Language: Use of "hell," "damn," "bitch" and "whore."

Adult Behavior: None.

Sexual Content: Discussions of adultery and sexual desire, portrayal of attempted rape, kissing, groping and portrayals of sexual desire while clothed.

Violence: Discussion of violence, beheading, imprisonment, sexual violence towards women, suicide.

For which audiences: Ages 13+

If this were a movie: It would be rated PG-13 for violence and adult themes.



Synopsis: Born to parents who prize their own ignorance and disdain books, learning, and any information they can’t get from television, Matilda somehow manages to emerge...a genius. Maybe even a magical one.
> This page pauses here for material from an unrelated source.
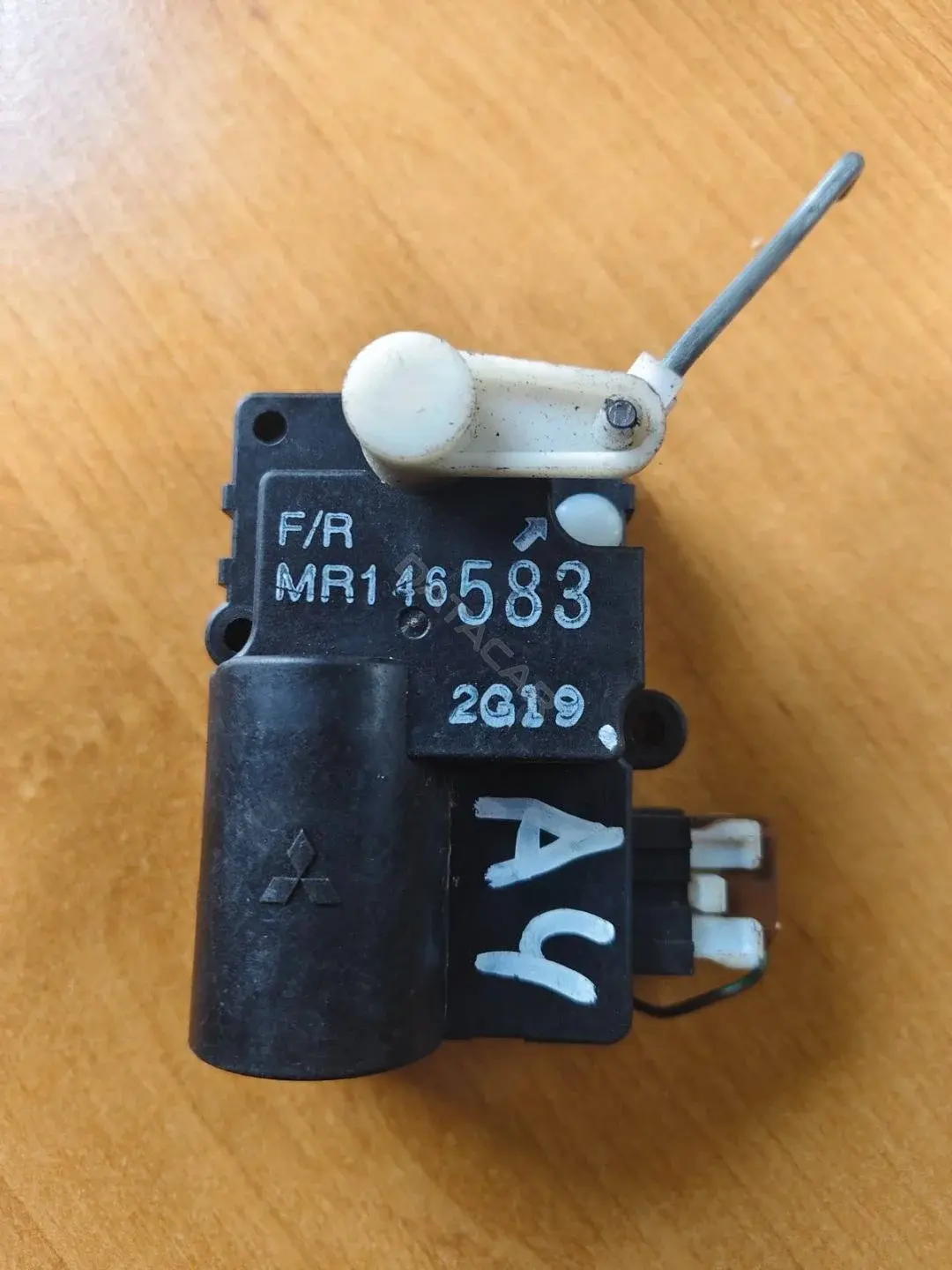 Мотор заслонки печки MR146583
However, she and the rest of the school are under the tyrannical rule of a deliciously devious villain, principal Agatha Trunchbull.

Language: Use of "hell".

Adult Behavior: Smoking of cigarettes and cigars onstage.

Sexual Content: Discussion of genitalia.

Violence: Discussion of violence, including violence towards children.
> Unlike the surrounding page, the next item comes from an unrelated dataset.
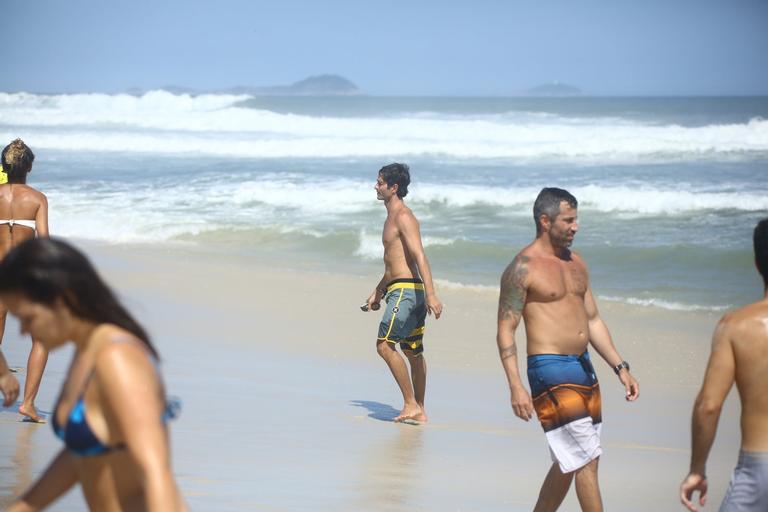 Isis Valverde em praia do Rio de Janeiro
For which audiences: Ages 8+ with parental guidance.

If this were a movie: It would be rated PG.



Synopsis: Albert Chen is a computer programmer so modest he lets others take credit for his work. His sister Jennifer, a doctor, is so professionally driven she can’t sustain a relationship (even if she could find someone worthy of her work ethic). Despite their Ivy League educations, musical virtuosity and impeccable manners, the siblings mount a delayed adolescent rebellion against their disappointed Tiger Mother (and equally demanding Tiger Father): they embark on an “Asian Freedom Tour” that takes them to the People’s Republic of China, where the tour goes - no spoilers - terribly wrong.

Language: Use of "fuck," "shit," "dick," etc.

Adult Behavior: None.

Sexual Content: Frank discussions of sex.

Violence: Discussion of violence and torture.

For which audiences: Ages 16+

If this were a movie: It would be rated R for language.


National Players Productions

Around the World in 80 Days

Synopsis: After making a bet at the Reform Club, British gentleman Phileas Fogg breaks the precise routine of his life and sets out to complete a journey around the world in 80 days with his valet, Passepartout. His efforts are complicated by an investigator, Mr. Fix, who pursues Fogg, believing him to be a bank robber.

Language: None.

Adult Behavior: Obscure drug usage in one scene. Multiple references to alcohol consumption.

Sexual Content: None.

Violence: Some mild, slapstick violence done behind screen with shadows.

For which audiences: Ages 10+

If this were a movie: The movie adaptation of Jules Verne’s original book was rated PG. However, the play is significantly more mild than the movie and could be rated G.


The Crucible

Synopsis: This is a dramatic depiction of the Salem witch trials that occurred in the Puritan town of Salem, Massachusetts in 1692. The story follows John Proctor, his wife Elizabeth, and a young girl Abigail Williams. After having a adulterous relationship with Proctor, Abigail wrongfully accuses Elizabeth of witchcraft. Proctor takes Abigail to court to admit her lie, but then finds himself accused of witchcraft.

Language: Use of the words “damn” and “whore.” Frequent mentions of the devil

Adult Behavior: This is a depiction of a highly disturbing historical event, in which a town suffered mass hysteria and twenty people were executed for witchcraft.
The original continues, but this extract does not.